RFR: 8056240: Investigate increased GC remark time after class unloading changes in CRM Fuse

Fri Oct 10 20:54:03 UTC 2014

Hi Stefan,

Thank you for your patience.  Some review comments:

http://cr.openjdk.java.net/~stefank/8056240/webrev.00/src/share/vm/classfile/metadataOnStackMark.hpp.udiff.html

Why is there all this code here?  In order to make this parallel, can 
you just not have simply a GrowableArray per thread?  I don't see the 
purpose of all this complexity in this place.  Is it trying to add as 
chunked list?   Can we add a utility for this instead of tying it to the 
MetadataOnStackMark functionality?

In this file, what is _doit and why?   This looks really strange. Can 
you add a comment why sometimes doit is false and sometimes doit is 
true?  Is there a way to encapsulate this in a function as it's supposed 
to be a scoped object.

The MetadataOnStackMark object needs to go around the calls to 
purge_previous_versions and free_deallocate_list.  It doesn't have to be 
around the whole walk of the CLDG, it just started out that way and has 
gotten more complicated.  If you add it to the end like:

void ClassLoaderDataGraph::clean_metaspaces() {
   // mark metadata seen on the stack and code cache so we can delete 
unneeded entries.
   bool has_redefined_a_class = JvmtiExport::has_redefined_a_class();
   MetadataOnStackMark md_on_stack(has_redefined_a_class);
   if (has_redefined_a_class) {
     // purge_previous_versions also cleans weak method links. Because
     // one method's MDO can reference another method from another
     // class loader, we need to first clean weak method links for all
     // class loaders here. Below, we can then free redefined methods
     // for all class loaders.
     for (ClassLoaderData* data = _head; data != NULL; data = 
data->next()) {
       data->classes_do(InstanceKlass::purge_previous_versions);
     }
   }
   // Need two loops.
   for (ClassLoaderData* data = _head; data != NULL; data = data->next()) {
     data->free_deallocate_list();
   }
}

And only call it at the end of do_unloading this would work (I've tested 
this)

   if (has_metadata_to_deallocate) {
     clean_metaspaces();
   }

has_metadata_to_deallocate is generally true because of lambda constant 
pools.

http://cr.openjdk.java.net/~stefank/8056240/webrev.00/src/share/vm/gc_implementation/g1/g1CollectedHeap.cpp.udiff.html

+    if (JvmtiExport::has_redefined_a_class()) {
+      InstanceKlass::purge_previous_versions(ik);
+    }

purge previous versions requires the on_stack bits to be set.  Is this 
true here?  It seems very far away from the other code to me to be able 
to tell.   Why can't this go in the same place as the free_deallocate_lists?

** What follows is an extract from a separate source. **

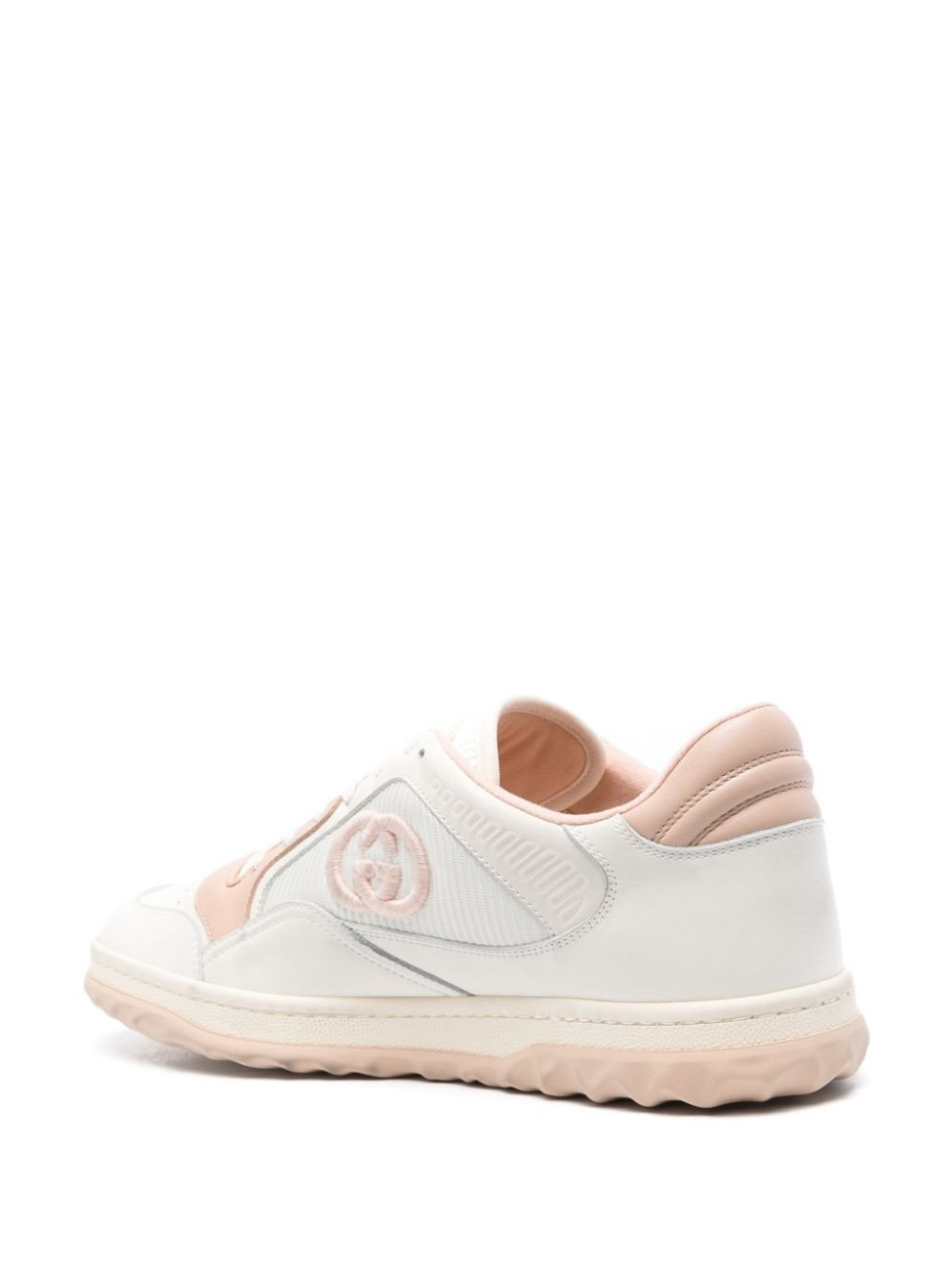 Wms Gucci MAC80 Sneakers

http://cr.openjdk.java.net/~stefank/8056240/webrev.00/src/share/vm/code/nmethod.cpp.udiff.html

I really don't like that the on-stack bit marks are done at the same 
time as clean_ic_if_metadata_is_dead.   They are for different 
purposes.  Also, this seems to mark metadata for methods that are 
unloaded as well as ones that survive unloading.  I guess this wouldn't 
prevent methods from being unloaded but seems unnecessary callbacks to 
mark_on_stack.   Maybe I'm not reading this right though.  I thought you 
couldn't do the unloading walk with the mark-on-stack walk?   Also, we 
actually only have to mark OLD methods in the code cache which would 
greatly reduce the callbacks. I could make this in a separate change as 
I have this change in a private repository.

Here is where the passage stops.